Brief descriptive captions:
- - - - - - -
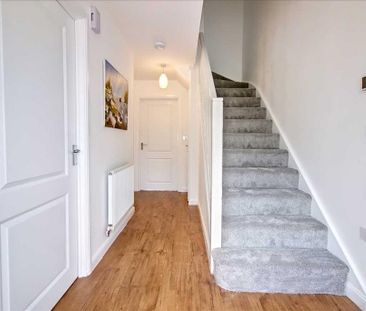 2 bedroom semi-detached house to rent - Photo 3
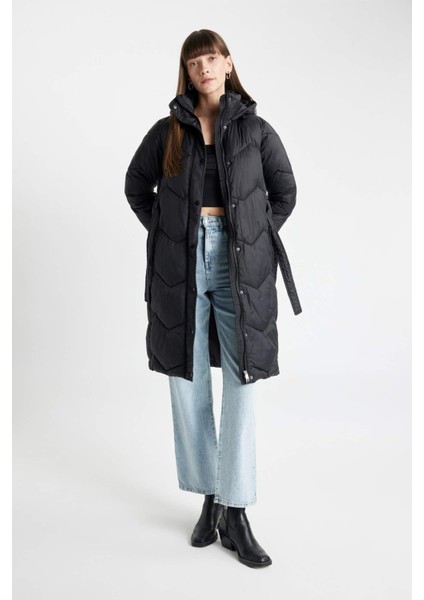 Su Geçirmez Uzun Şişme Mont Parka Oversize Geniş Kalıp Kapüşonlu Kemerli Kapitoneli Fermuarlı Cepli A1939AX24AU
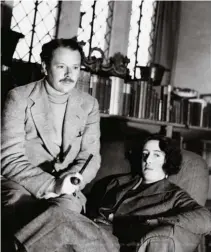  ??  ?? Harold Nicolson et Vita Sackville-West au château Sissinghur­st, Kent.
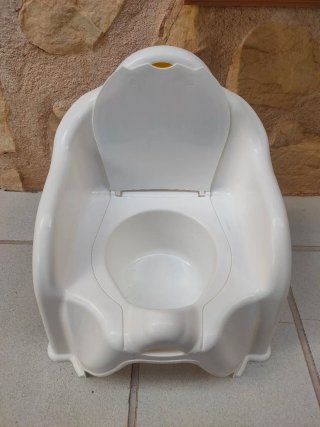 Orinal y adaptador para bebé con diseño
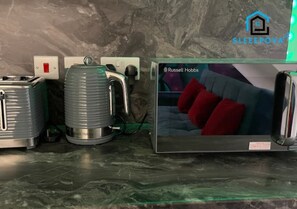 Kaffee und/oder Kaffeemaschine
- - - - - - -
• [What needs to be done]: Leaving the pictures out, set down exactly the lines from the one with "Su Geçirmez Uzun" through the end of the records.

• [Problem solution]:
 Su Geçirmez Uzun Şişme Mont Parka Oversize Geniş Kalıp Kapüşonlu Kemerli Kapitoneli Fermuarlı Cepli A1939AX24AU
  ??  ?? Harold Nicolson et Vita Sackville-West au château Sissinghur­st, Kent.
 Orinal y adaptador para bebé con diseño
 Kaffee und/oder Kaffeemaschine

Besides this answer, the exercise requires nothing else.